Monday June 24, 2024

Political problems must be resolved solely by political means

By Our Correspondent
March 30, 2023

Islamabad: On concluding an extraordinary meeting to deliberate on the current political crisis and constitutional impasse, the Human Rights Commission of Pakistan (HRCP)’s governing council has resolved that it is of utmost importance to uphold and strengthen the democratic process.

In a statement issued on Wednesday, the HRCP expressed deep concern that this crisis has resulted in polarization across the political spectrum. "This state of affairs was, regretfully, triggered by events that were designed to stall the democratic process and undermine the efficacy and legitimacy of Parliament. One political party first abandoned the National Assembly and then dissolved two provincial assemblies. Others in government blocked the subsequent reversal of this move by thwarting the opposition’s attempt to return to the National Assembly."
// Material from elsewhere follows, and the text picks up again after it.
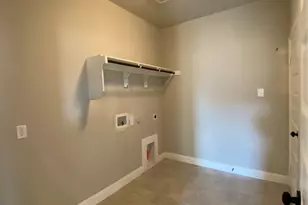 350 Devonshire Dr, Greenville, TX 75401 - Photo 9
It says that despite HRCP's considered view that the dissolution of the Punjab and KP assemblies was politically expedient, the Commission is concerned that these assembly elections have been postponed till October by the Election Commission of Pakistan. "We are also aware of legitimate apprehensions that such decisions could become a precedent to be used to derail the democratic process in the future. While HRCP believes that the Constitution does provide solutions that may legitimise delayed elections, it should go without saying that any such delay should be as short as possible and necessary and proportionate to the aims of the delay.
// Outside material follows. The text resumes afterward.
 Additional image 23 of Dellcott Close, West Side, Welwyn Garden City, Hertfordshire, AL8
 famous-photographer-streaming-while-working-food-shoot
Accordingly, there must be consensus among all political parties and stakeholders on the rationale for such a delay. They should also recognise that this is an unwelcome precedent and must not recur. The election process must also remain free, fair, credible and transparent, and the results acceptable to all political stakeholders." HRCP noted the judicial overreach in conflict with the constitutional principle of the trichotomy of powers. "There is a need to dispel the impression that, in interpreting the Constitution, the Supreme Court enhances its own powers at the expense of other democratic institutions. The judiciary must safeguard its independence, integrity and credibility. It must resist any urge to interfere in the domain of other constitutional bodies and instead help strengthen all such institutions by giving them the room to resolve issues that fall within their constitutional remit. We also firmly believe that there is no room for threats of any undemocratic interventions." HRCP strongly condemned violent and unlawful behaviour by political elements aimed at creating disorder to further their political agendas.
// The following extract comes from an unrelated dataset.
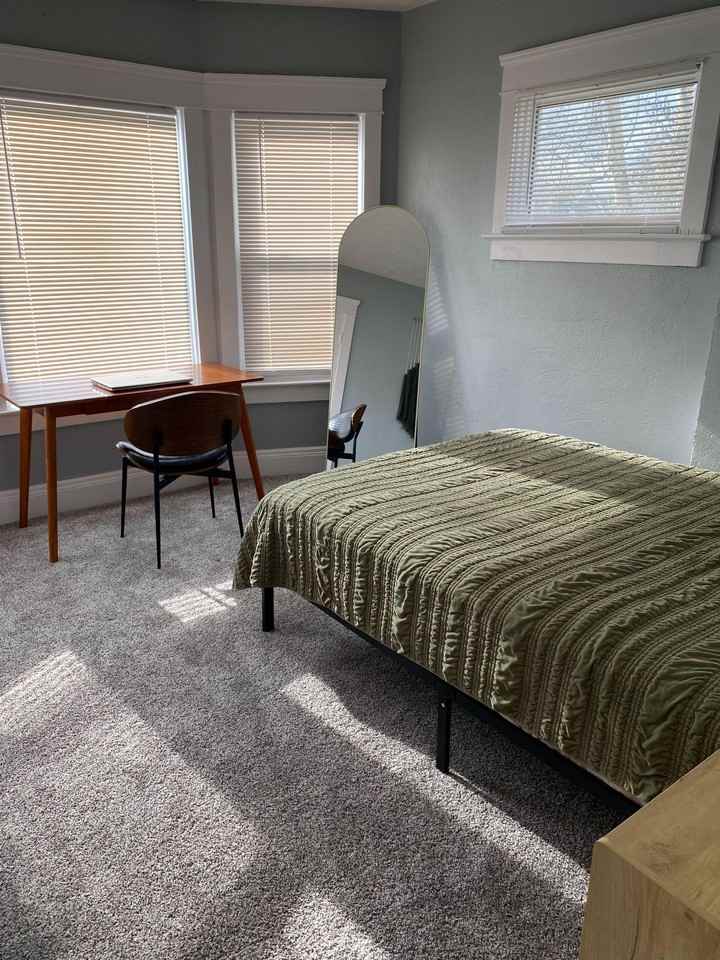 Kempton Ave - Photo 7 of 8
At the same time, HRCP denounced the strong-arm tactics and disproportionate use of force by the state as a means of political repression." We are deeply concerned to observe that this has involved resorting to the use of colonial laws of sedition, unwarranted charges of terrorism against political opponents, enforced disappearances, and attempts to gag freedom of expression through ill-conceived proposals and actions through PEMRA." It says that ultimately, the crux of the ongoing crisis is political and not legal. "There is no other option for the political opposition and the government but to hold serious and meaningful dialogue in Parliament to resolve this in the larger interests of Pakistan's people."